[Web page caption snippets]
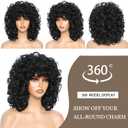 Short Curly Wigs for Black Women Soft Black Big Curly Wig with Bangs Afro Kinky Curls Heat Resistant Natural Looking Synthetic Wig for African American Women Black
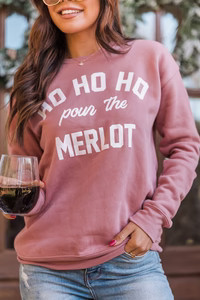 Ho Ho Ho Pour The Merlot Mauve Graphic Sweatshirt | Pink Lily
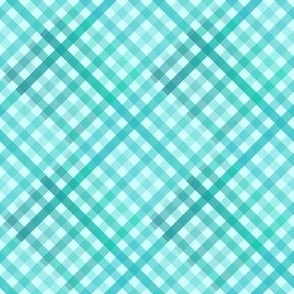 Aqua Weave Diagonal Plaid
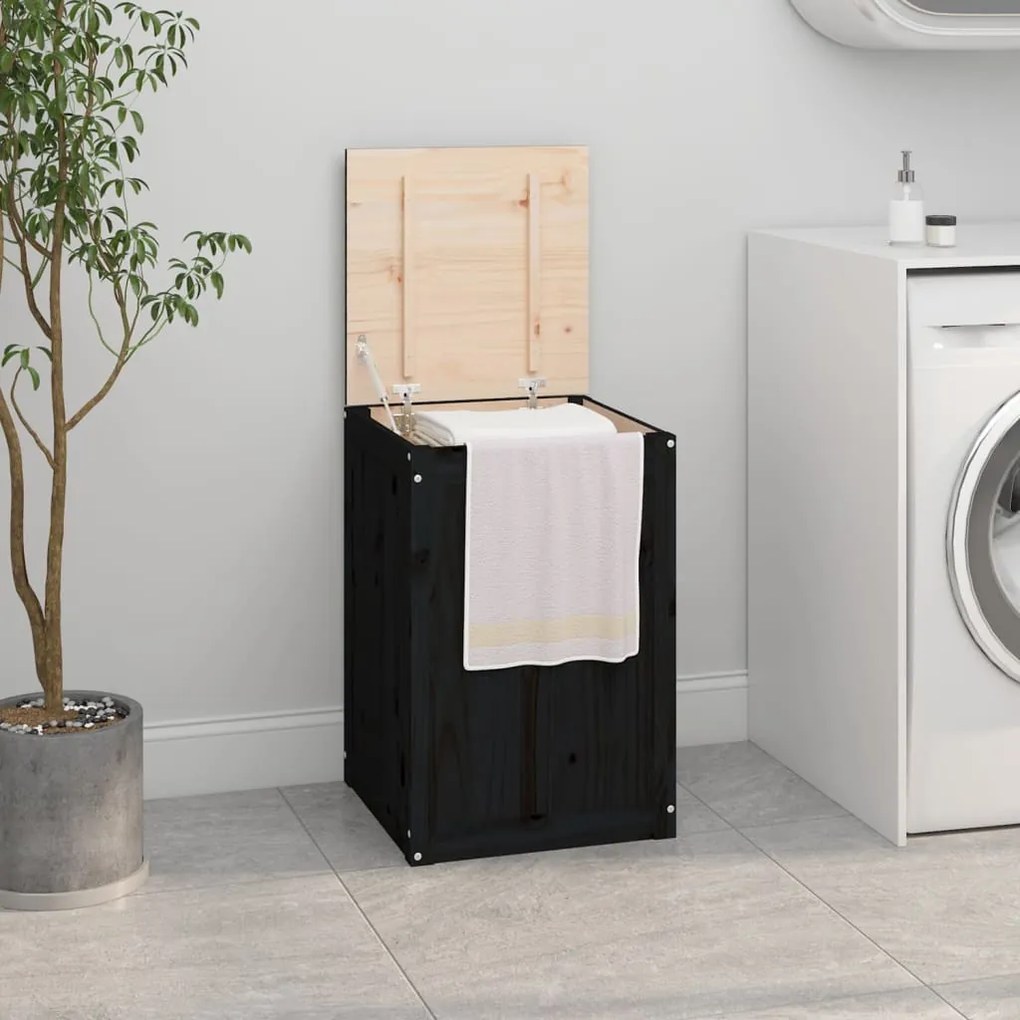 823568 vidaXL Caixa para roupa 44x44x66 cm madeira de pinho maciça preto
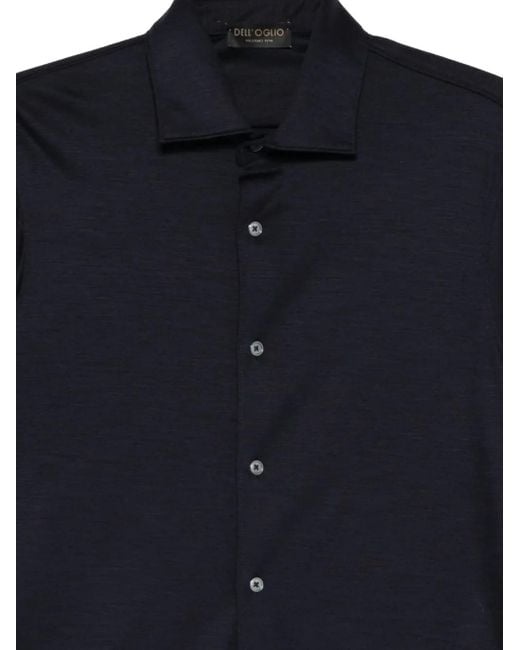 Dell'Oglio Blue Chemise À Boutonnière Sur Le Devant for men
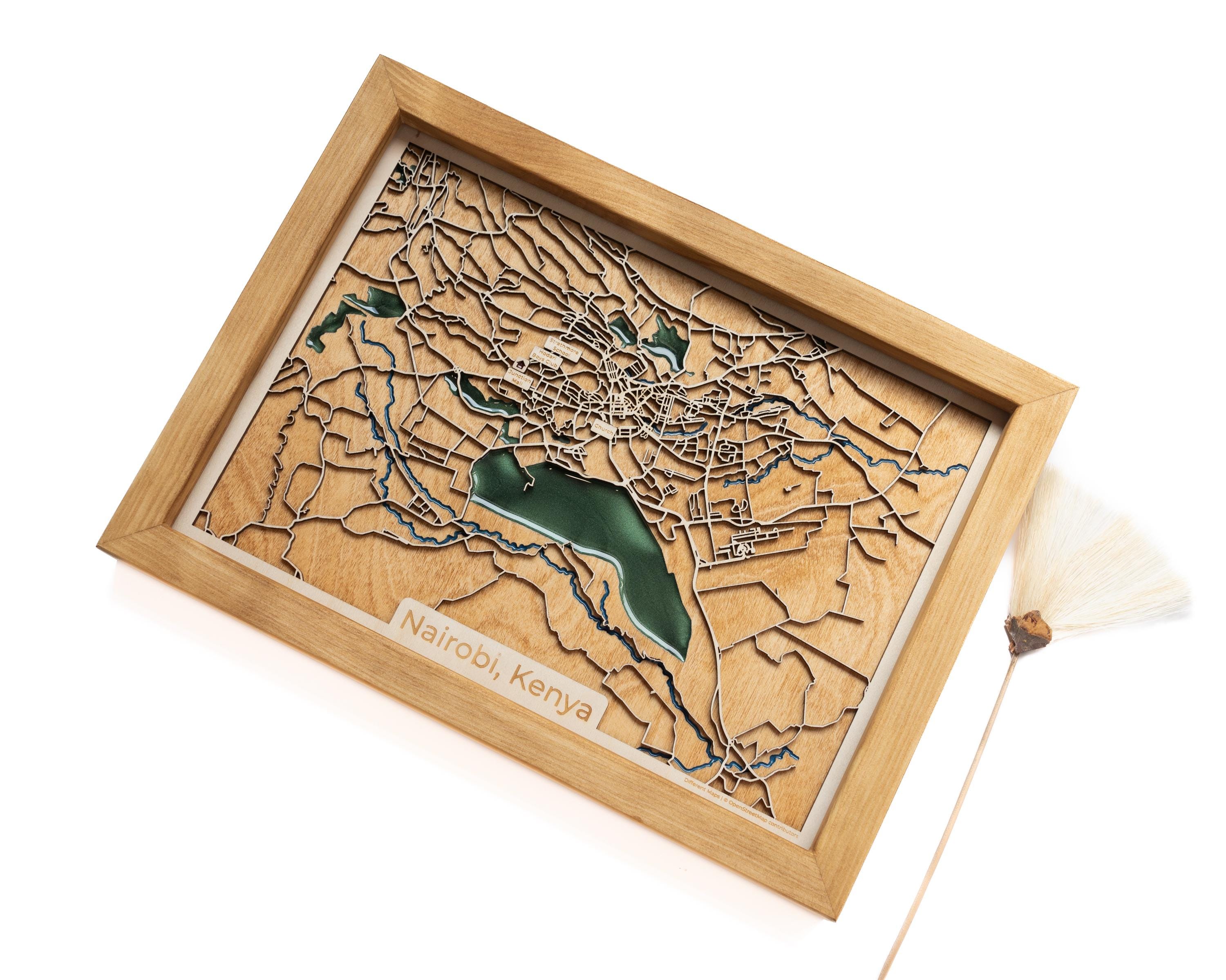 Nairobi Wood Map | Wood and Epoxy Resin - Etsy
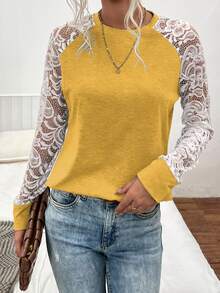 SHEIN LUNE Contrast Lace Raglan Sleeve Tee - Mustard Yellow - View 5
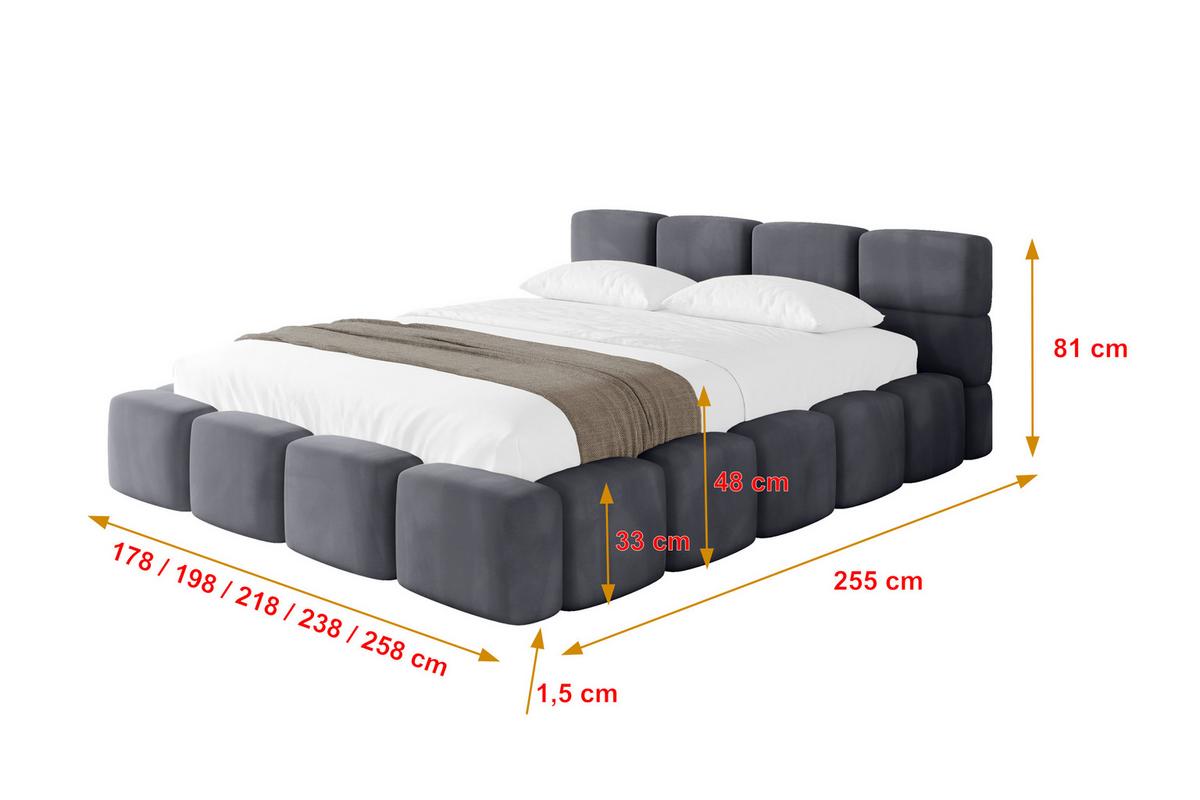 POLSTERBETT mit Bettkasten und Lattenrost, Bett mit Kopfteil, Boxbett ohne Matratze, Doppelbett mit Stauraum - NATA-v1 200x200 Dunkelgrau - Dunkelgrau, Holzwerkstoff/Textil (200/200cm) - ALTDECOR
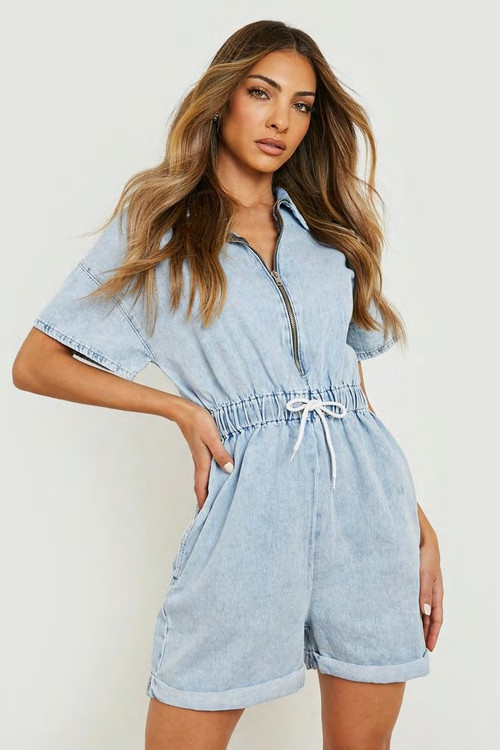 Zip Up Drawcord Denim Romper | Boohoo.com (US & CA)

● Task description
Please write out all the data word for word, but keep every picture out.

● Written response
 Short Curly Wigs for Black Women Soft Black Big Curly Wig with Bangs Afro Kinky Curls Heat Resistant Natural Looking Synthetic Wig for African American Women Black
 Ho Ho Ho Pour The Merlot Mauve Graphic Sweatshirt | Pink Lily
 Aqua Weave Diagonal Plaid
 823568 vidaXL Caixa para roupa 44x44x66 cm madeira de pinho maciça preto
 Dell'Oglio Blue Chemise À Boutonnière Sur Le Devant for men
 Nairobi Wood Map | Wood and Epoxy Resin - Etsy
 SHEIN LUNE Contrast Lace Raglan Sleeve Tee - Mustard Yellow - View 5
 POLSTERBETT mit Bettkasten und Lattenrost, Bett mit Kopfteil, Boxbett ohne Matratze, Doppelbett mit Stauraum - NATA-v1 200x200 Dunkelgrau - Dunkelgrau, Holzwerkstoff/Textil (200/200cm) - ALTDECOR
 Zip Up Drawcord Denim Romper | Boohoo.com (US & CA)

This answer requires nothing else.